Investments Dupery, SECURITIES AND EXCHANGE COMMISSION’S Whistleblowers, with Divider Streets In the Dodd-Frank Respond
On July 21, the Dodd-Frank Wall Street Reform Consumer Protection Act was signed into effect, finally giving teeth to the SEC whistleblower program. The Act entitles securities fraud whistleblowers to between 10-30% of SEC recoveries for original information prompting “any judicial or administrative action brought by the commission underneath the securities laws that results in monetary sanctions exceeding $1,000,000.” Before the Dodd-Frank Act, there was no minimum whistleblower award – meaning that successful whistleblowers could risk their careers and still receive nothing – and the maximum award was just 10%. As a result, before the enactment of the Dodd-Frank Act, few whistleblowers were motivated in the future forward and those that did come forward were awarded with paltry sums.
Consider Madoff whistleblower, Harry Markopolis. His warnings to the SEC of the biggest securities fraud in American history went largely ignored, and he received nothing for uncovering the $50 billion fraud. Although it must be little consulation to Markopolis, underneath the newly enacted Dodd-Frank Act, he would be eligible for at the least 10% of any disgorgement, pre-judgment interest, and civil-penalty that the SEC ultimately recovers from the Madoffs.
Likewise, there’s been muted buzz in regards to the recent SEC payout to whistleblowers’ Karen and Glenn Kaiser, who received the biggest SEC whistleblower award currently – $1,000,0000 – for reporting Mrs. Kaiser’s ex-husband, David Zilkha, for insider-trading. Zilkha, a former Microsoft employee, allegedly gave insider-information about Microsoft to hedge-fund manager, Arthur Samberg, at Pequot Capital. As the $1M award was extremely large compared to previous sums paid to whistleblowers by the SEC, it would have been at the least almost three-times that amount underneath the new Dodd-Frank provisions (the Pequot SEC settlement was $28 million). And if the beefed-up SEC whistleblower program is even near to as promising as its cousin – the False Claims Act – then your Kaiser whistleblower award will soon be paled by future SEC whistleblower awards. The Department of Justice estimates that $13 billion has been recovered underneath the federal False Claims Act considering that the act was overhauled in 1986 and that more than $2 billion has been paid to whistleblowers.

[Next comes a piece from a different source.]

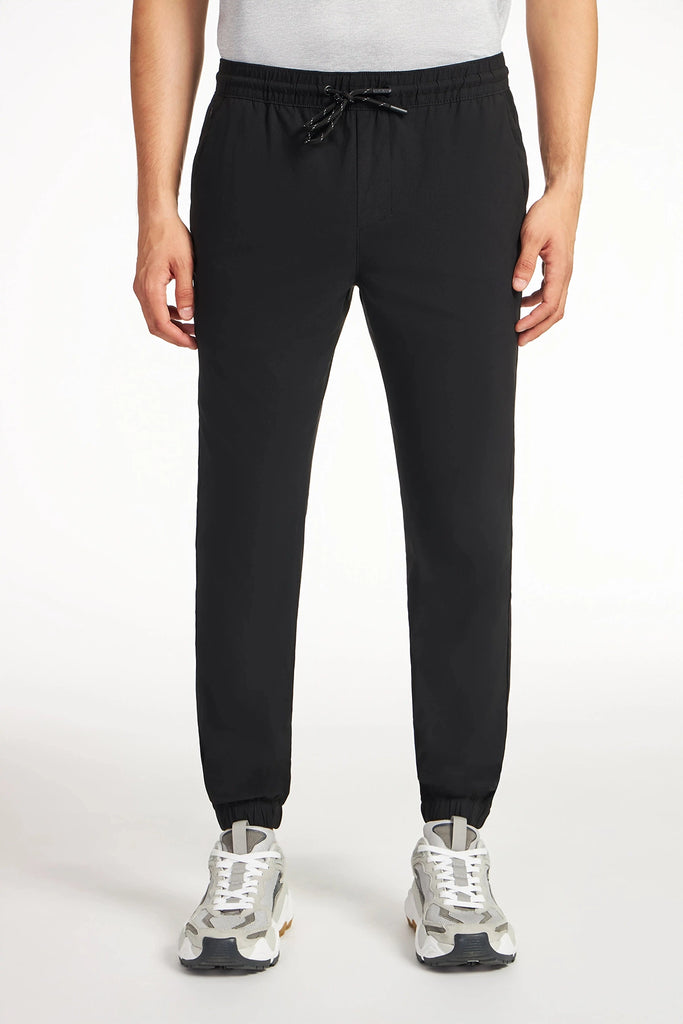 A person wearing a white shirt, TECH APPAREL MENS DRI-FLEX JOGGER pants with an athletic fit and drawstring waist, and gray-and-white sneakers stands against a plain white background.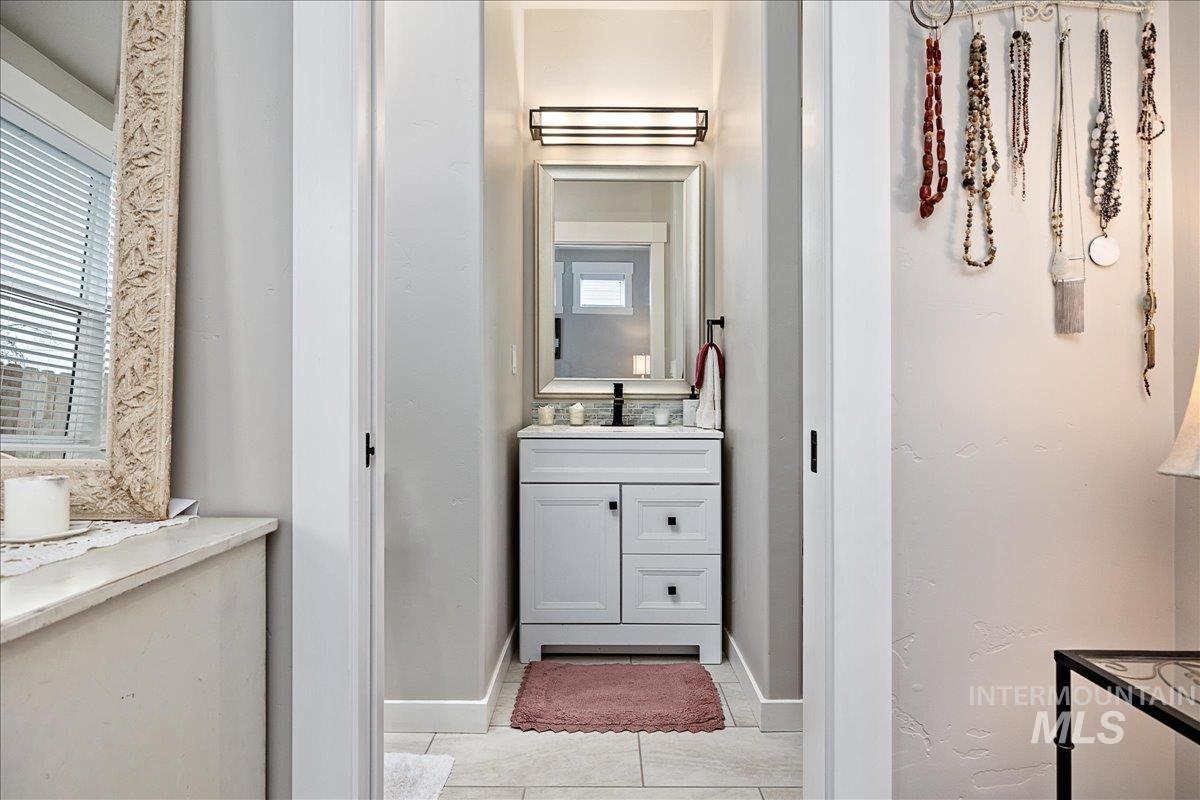 Half bath featuring vanity and light tile patterned floors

The newest SEC whistleblower provisions underneath the Dodd-Frank Act also expand the scope and types of fraud to which the program applies. Previously, the SEC only paid rewards for information regarding insider-trading, such as for example that paid to the Whistleblower awards Kaisers for the Pequot insider-trading fraud. This might be particularly important in the area of Foreign Corrupt Practices Act investigations, which may have international implications and have historically amounted for a number of the SEC’s largest settlements and judgments (e.g., in 2009 KBR paid $402 million in criminal fines; in 2008 Siemens paid $450 million).
Perhaps most of all, the newest provisions provide that the whistleblower’s identity might be protected and held confidential if the whistleblower reports its original information to the SEC by and through his or her attorney. After the investigation is concluded, however, a whistleblower must reveal her identity to be able to get the statutory share of the award. Exactly how these new provisions will soon be implemented is ultimately up to the SEC and has yet to be determined. Pursuant to Section 924, the SEC must promulgate rules and regulations for implementing the whistleblower reward and protection provisions of the Dodd-Frank Act within 270 days of its enactment – on or before April 18, 2011. Time will tell how it will play out.